The utility model provides an insecticide virulence detection kit specially for whitefly adults on the basis of the traditional glass tube drug film method and filter paper drug film method, combined with the biological characteristics of whitefly adults who are good at flying. It includes at least one glass tube with an open end on the inner wall of which a drug film with the insecticide to be tested as the main component is attached. The main improvement of the utility model is that the drug film does not completely cover the inner wall of the glass tube, but only covers the bottom of the glass tube to the height of one-third to half of the above, which can reduce the amount of chemicals used to a certain extent, thereby reducing the cost of pesticides. Pollution and residues; in use, when adult bemisia tabaci are inserted into the pipe, a section of the opening needs to be blocked with a cotton plug, and the tampon is plugged to the upper edge of the drug film, so that adults bemisia tabaci can move freely and their range of activities is limited.
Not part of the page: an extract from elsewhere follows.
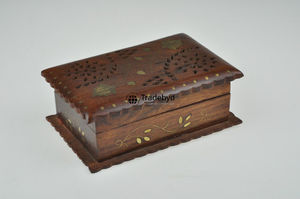 Silla hecha a mano de madera maciza tallada exquisita de Tradebyd con diseño personalizable para la decoración moderna y tradicional del hogar - Product Image 3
In a drug environment; such a design can moderately increase the concentration of insecticides, and quickly detect the impact of the tested insecticides on whitefly adults in just 3 hours or more (according to different characteristics of insecticides). The level of virulence of the whitefly; this method can quickly determine the degree of resistance of the whitefly population to insecticides in different areas on the basis of the determination of the sensitive whitefly population, and provide a basis for the use of chemical agents in the field to control the insecticide. Provide timely and rapid drug selection when pests are encountered.

The kit of the utility model is used to detect the toxicity activity of a kind of insecticide to whitefly, which requires a relatively wide range of dosage range of the insecticide. Those skilled in the art can set several groups of drug-coated glass The doses of insecticides between each coated glass tubes were changed in a gradient, so as to accurately find out the lethal dose of an insecticide for different populations of whitefly. Considering cost saving and detection efficiency, the utility model is preferably provided with 5 to 7 groups of drug-coated glass tubes. One or more can be set for each group.

The glass tube used in the utility model is preferably a commonly used finger tube.

In the preferred implementation of the present utility model, the insecticide refers to bifenthrin. It was found that whiteflies in some areas have higher drug resistance to bifenthrin, and the sensitivity is not high. The control effect of the traditional dosage is the same as before. followed by a significant decrease. To detect the toxicity of bifenthrin to whitefly in different regions has very practical significance for the effective use of this agent for effective control of whitefly.

In summary, the kit of the present utility model can be used as a rapid qualitative detection of insect sensitivity to chemicals, and the established diagnostic dose LC ₆₀ (40.6644mg/L) sensitive to bifenthrin can quickly evaluate tobacco powder in different regions. A practical approach to insecticide (bifenthrin) resistance in lice. The kit can quickly establish the diagnostic dosage of more pesticides for pests, so as to guide the rapid selection and application of pesticides when chemical pesticides are controlled in production when pests occur in large numbers.

Description of drawings

Fig. 1. schematic diagram of the Chinese medicinal film glass tube of the utility model kit,

Among them: 1-glass tube, 2-drug film, 3-the upper edge of the drug film.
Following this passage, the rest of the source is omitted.